How ASCENDING Uses Data Schema Unification for Multi-Data Source Ingestion

By Yi Mu, Cloud Data Architect – ASCENDING
By Channa Basavaraja, Partner Solutions Architect – AWS
By Ryo Hang, Solutions Architect – ASCENDING
By Kelvin Yu and Celeste Shao, Data Engineers – ASCENDING

ASCENDING

Data ingestion and unification play a key role in ensuring consistency, reliability, and performance of data utilized across any organization. It’s crucial for data teams to have well-designed architecture for the ingestion and unification process that can meet business requirements and provide ready-to-use data to the downstream systems.

There are a few common challenges in a data ingestion and unification solution:

Multiple source ingestion
Parallel processing
Data quality
Scalability
Streaming and real-time ingestion

Among these challenges, multi-source ingestion is mostly seen in today’s interconnected organizations.
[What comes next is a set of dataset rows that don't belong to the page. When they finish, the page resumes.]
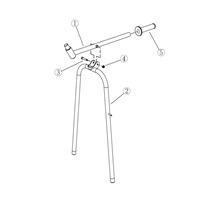 FRONT STAND MGC HRC GROM ’16-20/21-23/24-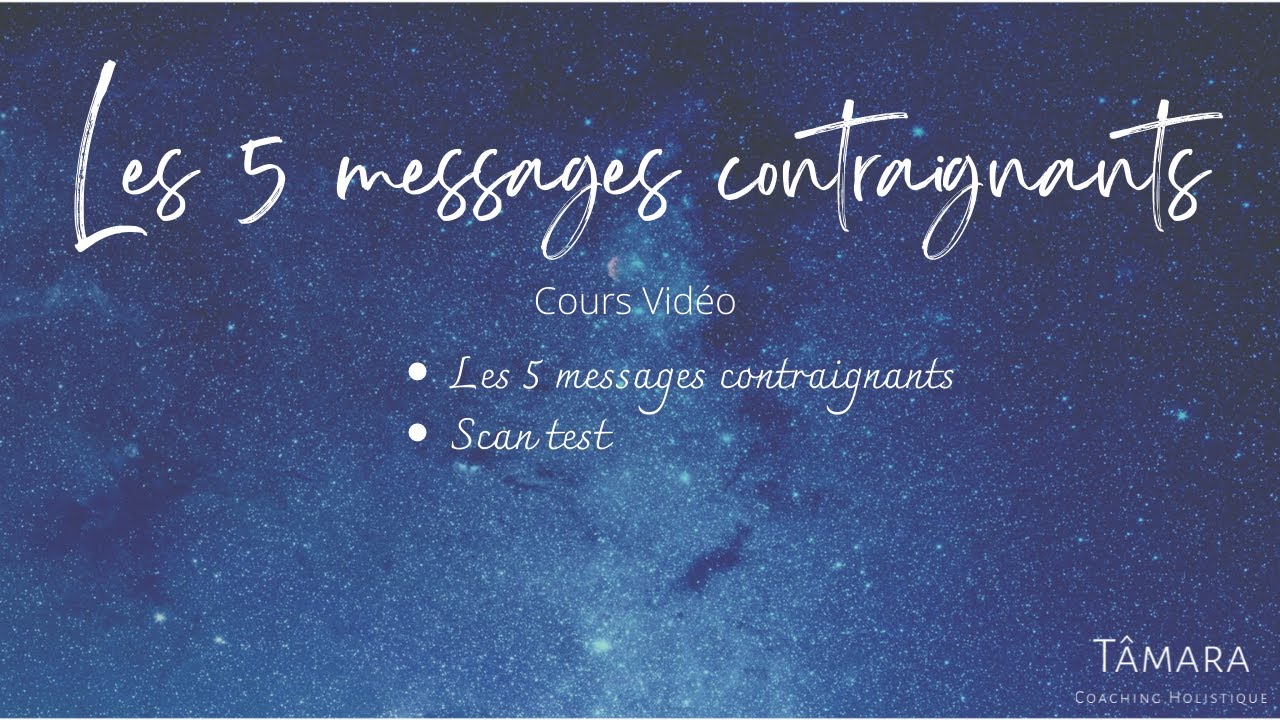 BE HUMAN #3   Les 5 messages contraignants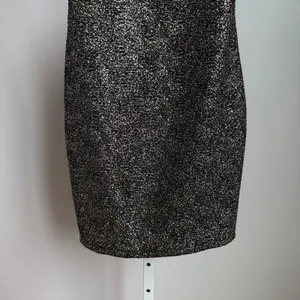 Symphony sz M black gold specked backless mini‎ party dress thumbnail 3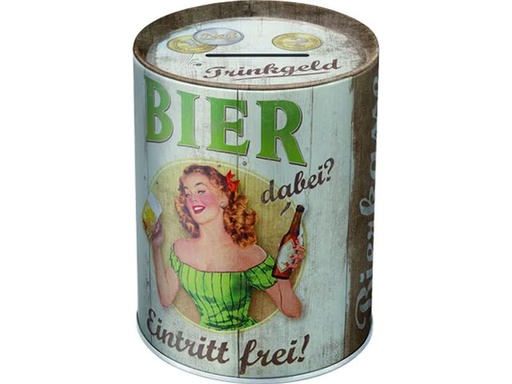[90292074 1540327] Nostalgic Art Spardose Bierkasse Person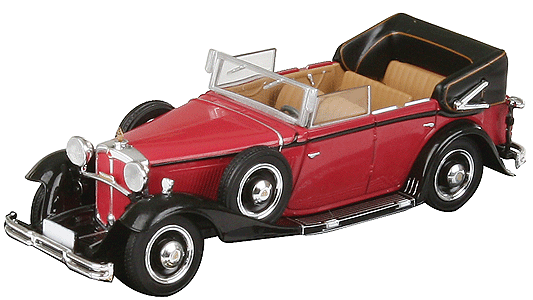 Maybach DS8 Zeppelin - Assembled -- Red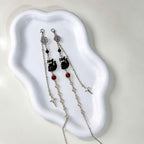 Black Cat Star Glasses Chain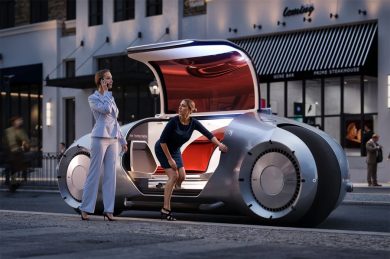 Autonomous Sleeping Pod Concept Turns Your Car into a Mobile Hotel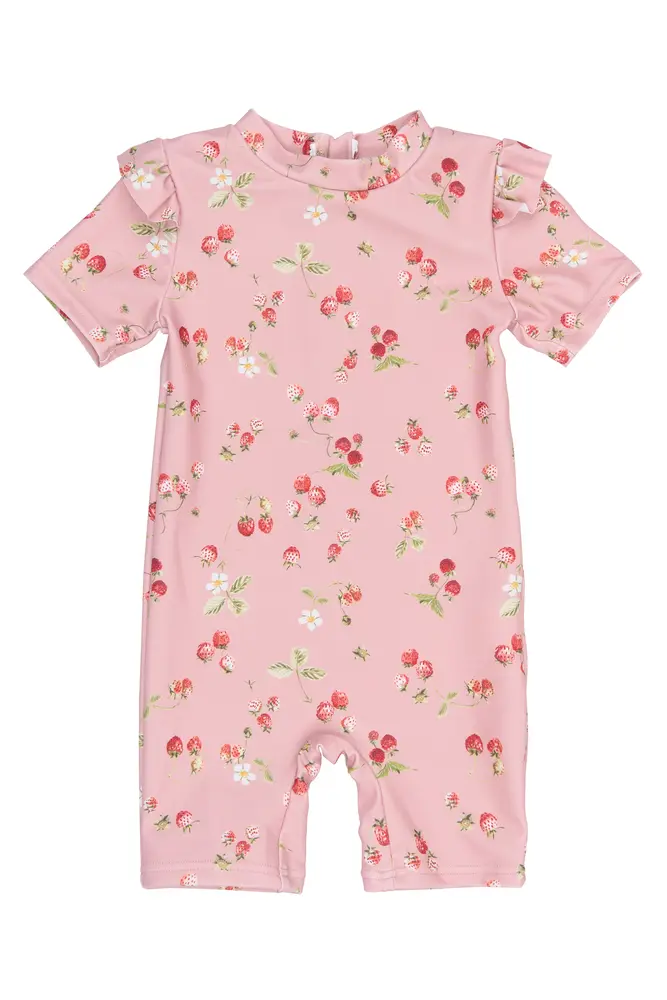 Em Baddräkt - Misty Rose Strawberry AOP - 98/104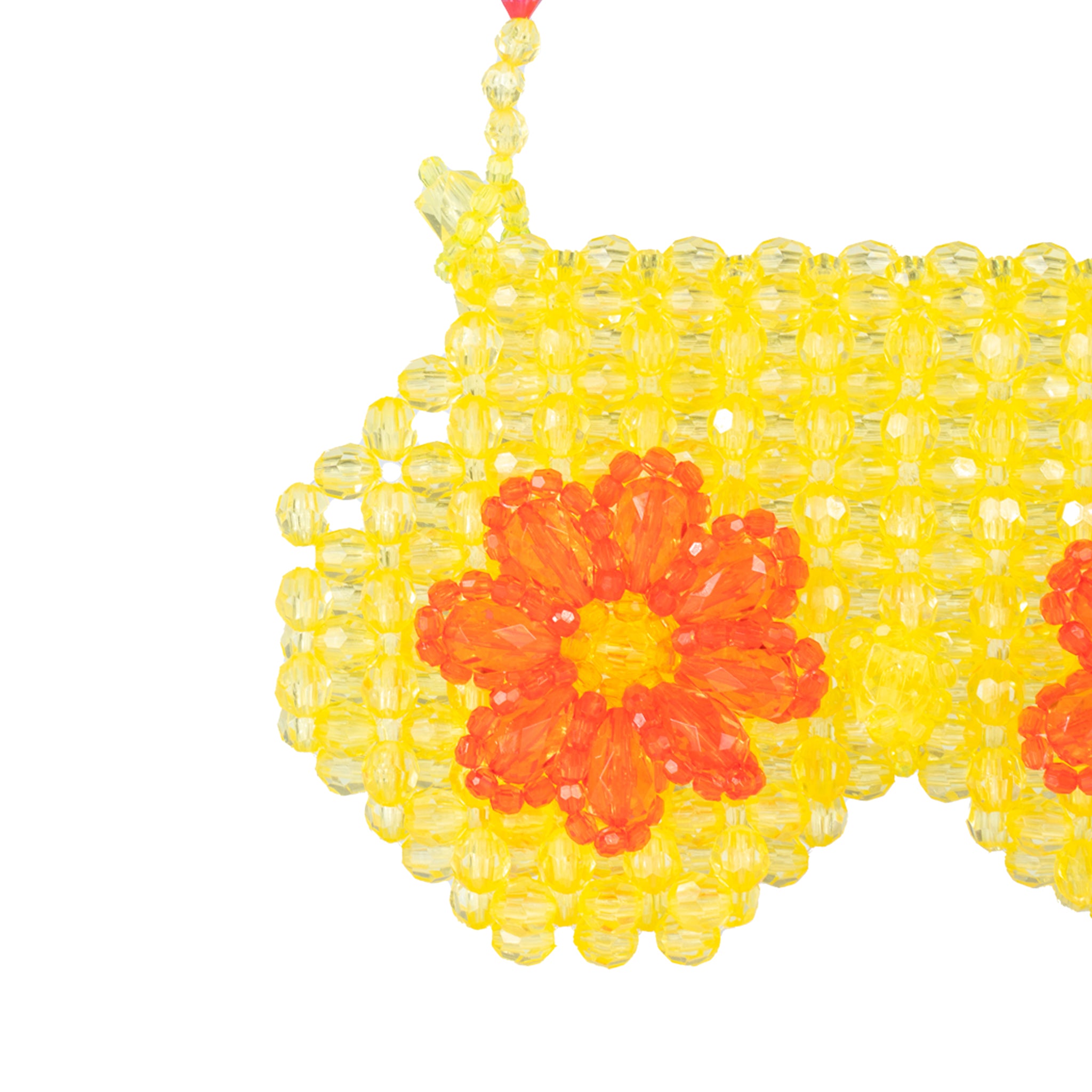Red Heart Blue And Yellow Red Daisies Sunnies Bead Cover - Tillie Beads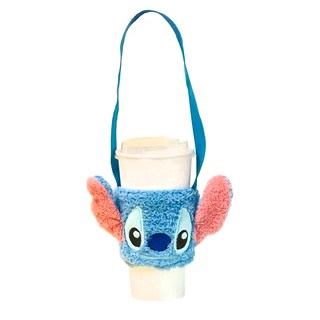 Disney 迪士尼 絨毛飲料杯套 CA717 史迪奇, 1個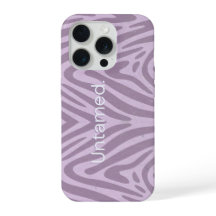 Paarse zebraprint mobielhoes
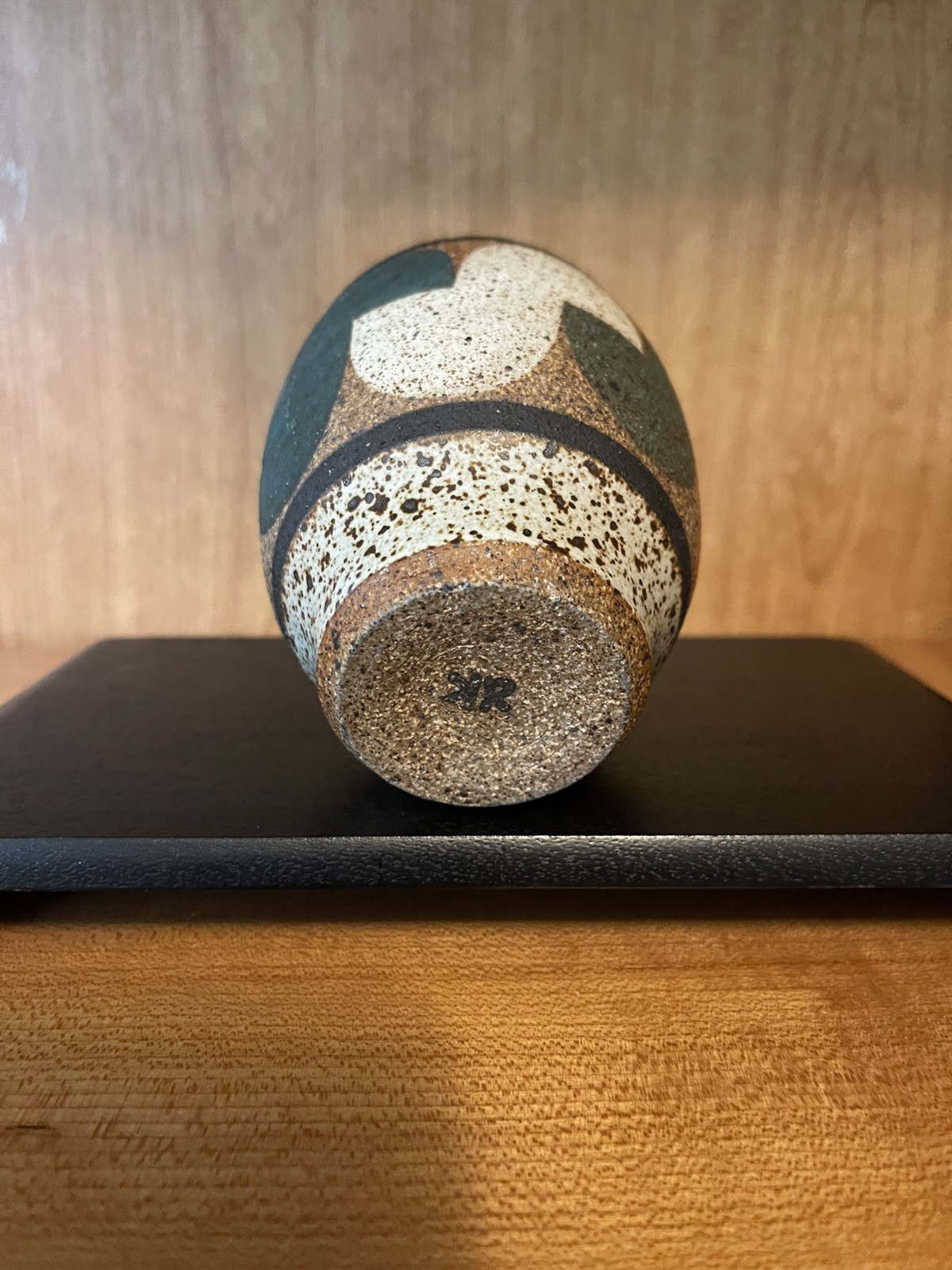 Kat & Roger Modernist Abstract Design Handmade Ceramic Cup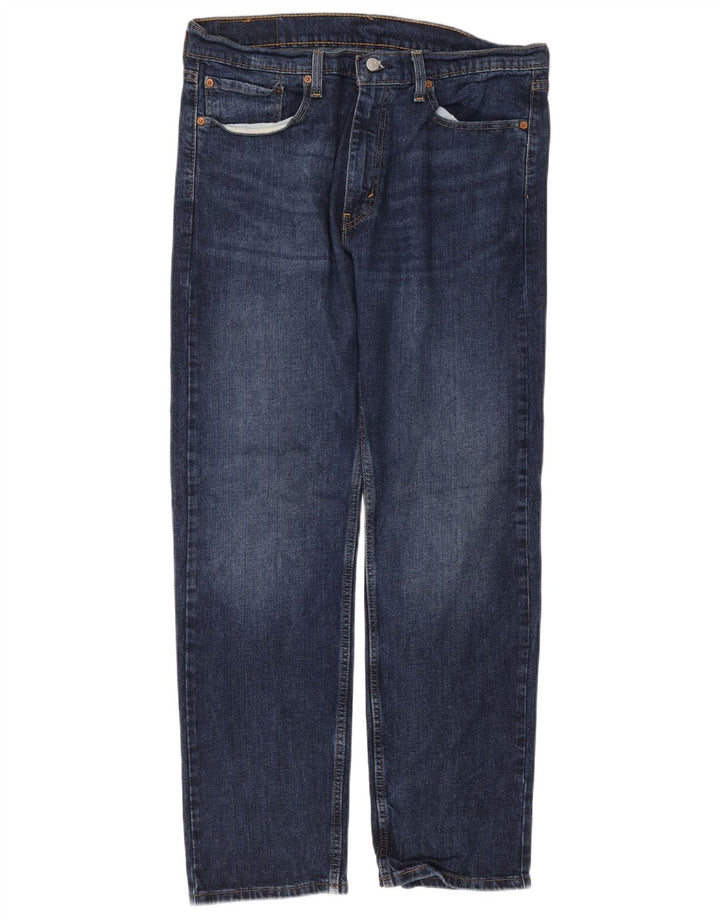 Blugi drepti pentru bărbați LEVI'S 505 W36 L32 bumbac bleumarin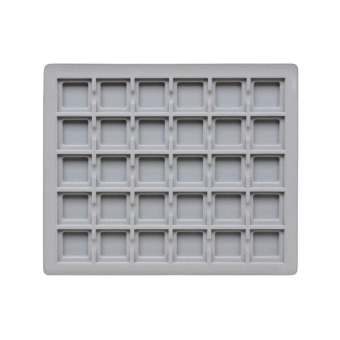 TE-Einlage 255x215x14 mm 30 Gef. 35x35 mm weiß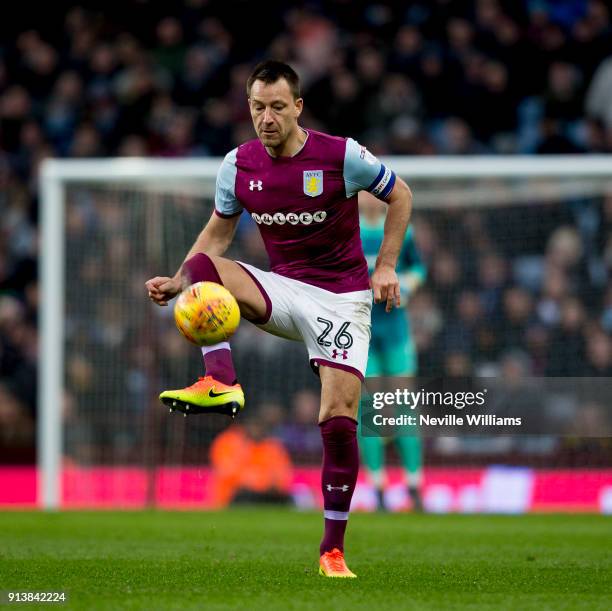 John Terry of Aston Villa during the Sky Bet Championship match between Aston Villa and Burton Albion at Villa Park on February 03, 2018 in...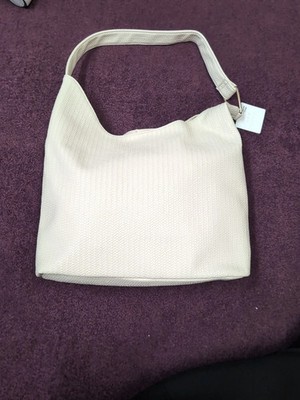 (Q) New Look Soft Weave HW Hobo Bag, Ivory, Neu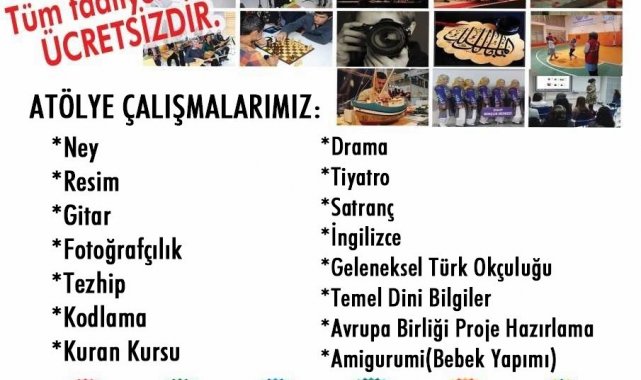 Türkeli Gençlik Merkezi'nde ücretsiz gelişim kursları başlıyor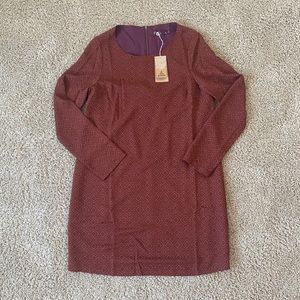 PrAna Cece Shift Dress Red Pomegranate size M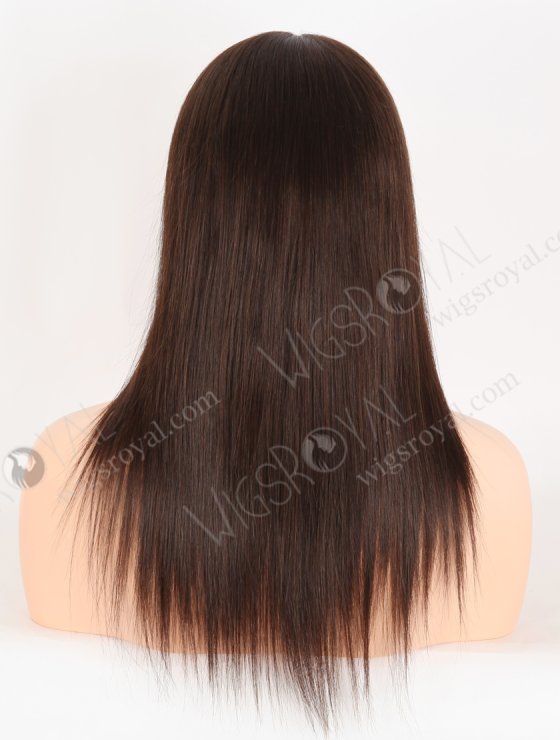 In Stock European Virgin Hair 14" Straight 2a# Color Silk Top Wig STW-850-31095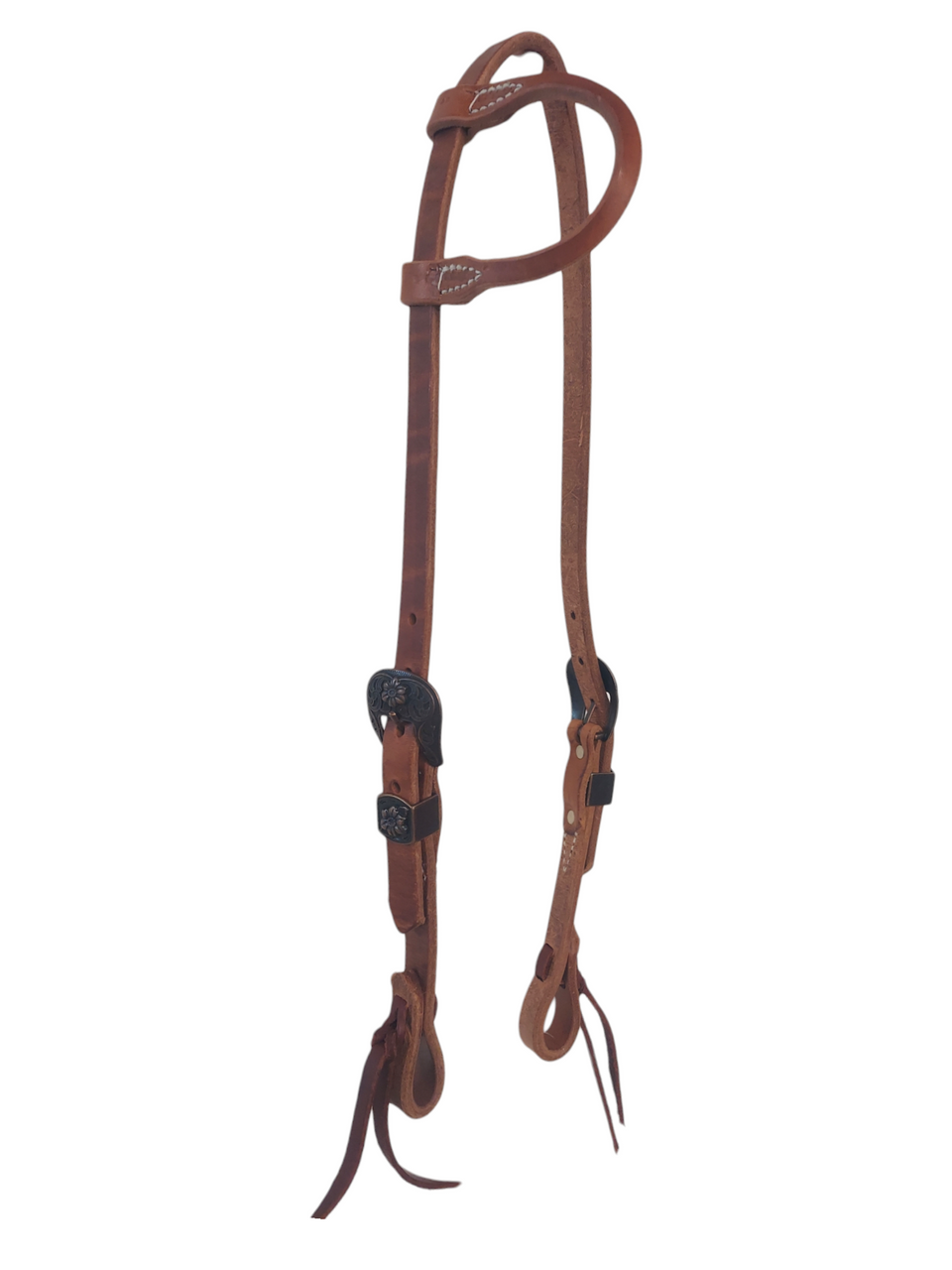 Berlin Custom Leather Cowboy Headstall One Ear Western Horse Tack H355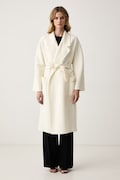 Elisabetta Franchi płaszcz damski wełniany beżowy CP01D66E2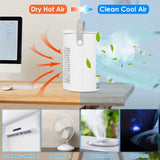 Portable Air Conditioner Fan Evaporative Humidifier 3 Speed Spray Household Appliances - Tophatter Daily Deals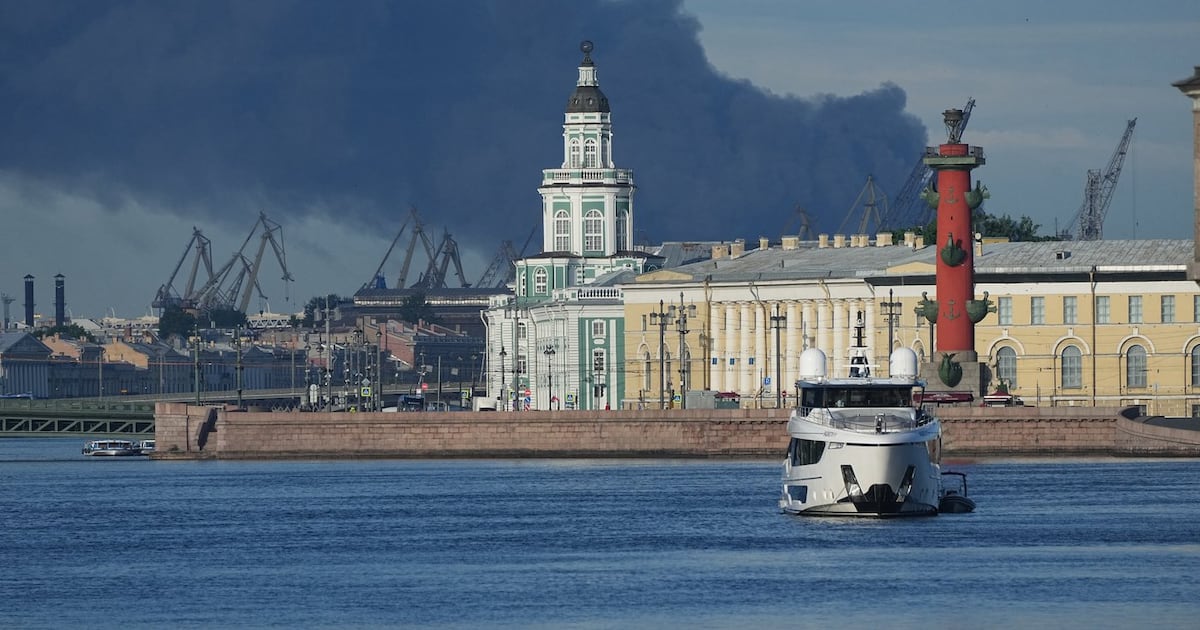 Die Ukraine nimmt St. Petersburg erneut ins Visier, nachdem Putin ...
Medium to large organizations tend to collaborate with various external data providers to consume multi-dimensional data to achieve sophisticated analytical capability.

This has created a big challenge for data solution teams to design and implement a unified ingestion process so downstream analytics workload can easily consume those data and bring the value of data.

In this post, we will discuss how ASCENDING set up a unified data ingestion system on Amazon Web Services (AWS) based on a client’s use case and requirements, and how ASCENDING overcame the technical challenges.

ASCENDING is an AWS Advanced Tier Services Partner and AWS Marketplace Seller with Competencies in DevOps and Data and Analytics. ASCENDING provides cloud migration, DevOps, and application development services to enterprise customers.

Data Integration Options

When it comes to data ingestion and integration methodology, there are two primary models: pull and push.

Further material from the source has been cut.